India accuses BBC documentary on PM Modi as a ‘propaganda’ to push ‘discredited narrative’

BBC. Image credit PIB

New Delhi/IBNS: India strongly condemned a BBC series on Prime Minister Narendra Modi and the 2002 Gujarat riots on Thursday, calling it a “propaganda piece designed to push a discredited narrative” that shouldn’t be “dignified” with a response.

“Do note that this has not been screened in India. So, I am only going to comment in the context of what I have heard about it and what my colleagues have seen. Let me just make it very clear that we think this is a propaganda piece designed to push a particular discredited narrative. The bias, the lack of objectivity, and frankly a continuing colonial mindset, is blatantly visible,” said foreign ministry spokesperson Arindam Bagchi Thursday in a weekly media briefing.

“If anything, this film or documentary is a reflection on the agency and individuals that are peddling this narrative again.
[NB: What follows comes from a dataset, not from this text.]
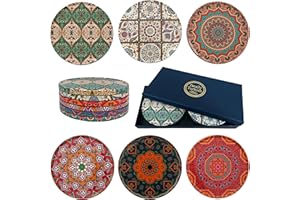Totally Turkish – Patterned Drink Coasters Set of 6 – Giftable Design Drinks Mat Set – Non-Scratch Top & Non-Slip Cork Base (Bomonti)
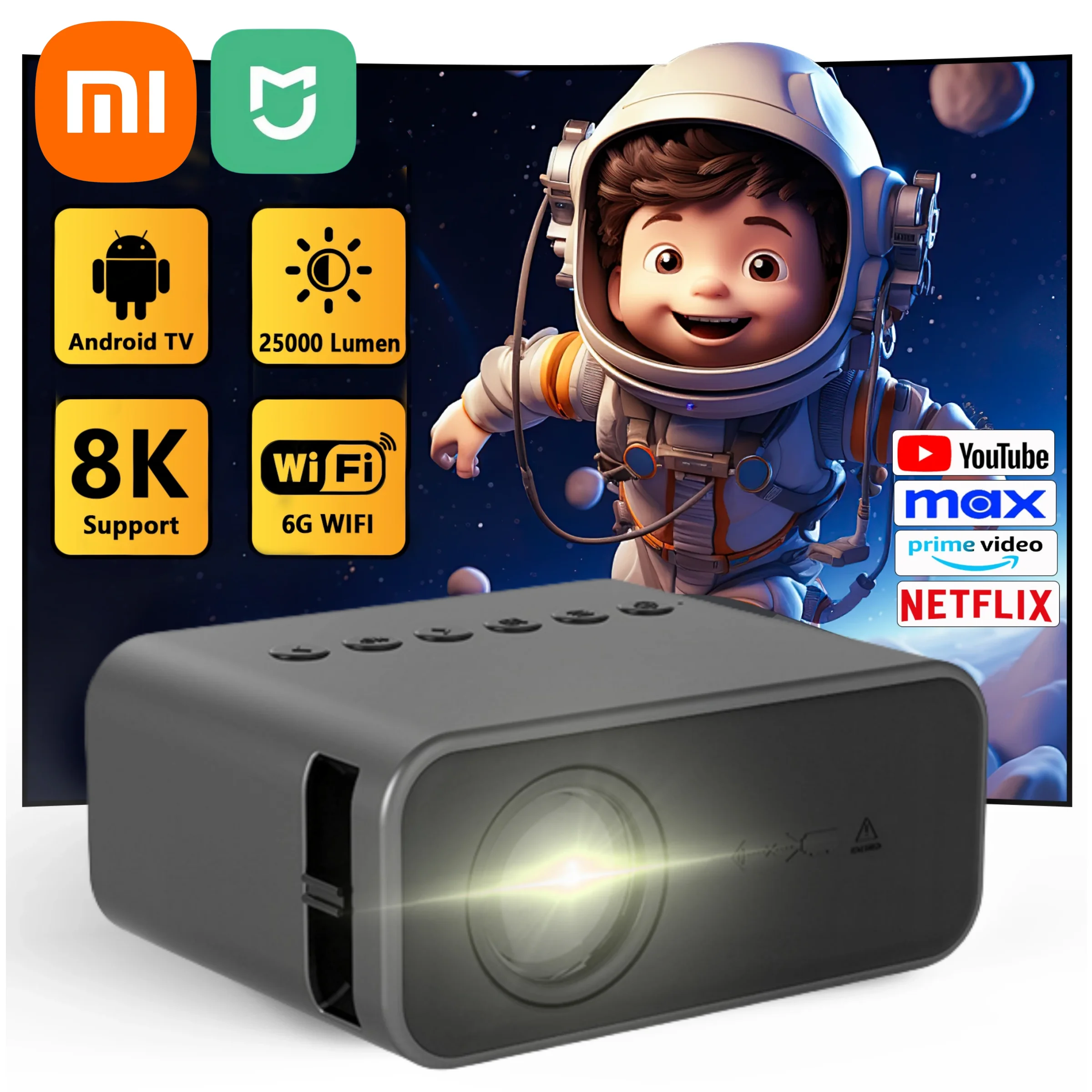 Xiaomi Mini proyector portátil para el hogar, proyector HD de 8K, entretenimiento interior, dormitorio, teatro, proyector para niños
It makes us wonder about the purpose of this exercise and the agenda behind it and frankly we do not wish to dignify such efforts,” he stressed.

Asked about the comments by former UK foreign secretary Jack Straw in the BBC documentary where he is referring to a secret report on the Gujarat riots, Bagchi said: “He must be referring to some internal report..just because Jack Straw says, his words don’t add legitimacy…I heard words like ‘enquiry’, ‘investigation’. There is a reason we use words like ‘colonial mindset’. We don’t use such words loosely. What enquiry? They were diplomats here! Investigation? Are they ruling the country? We don’t agree with that characterisation. Obviously there is an agenda behind it.”

The BBC’s two-part series called “India: The Modi Question” has elicited strong reactions.

The series narrator calls it a “look at tensions between Indian PM Narendra Modi and India’s Muslim minority, investigating claims about his role in the 2002 riots that left over a thousand dead.”Meanwhile, UK Prime Minister Rishi Sunak has said he “doesn’t agree with the characterization” of PM Modi, answering a Pakistan-origin MP’s question in the British parliament on the series.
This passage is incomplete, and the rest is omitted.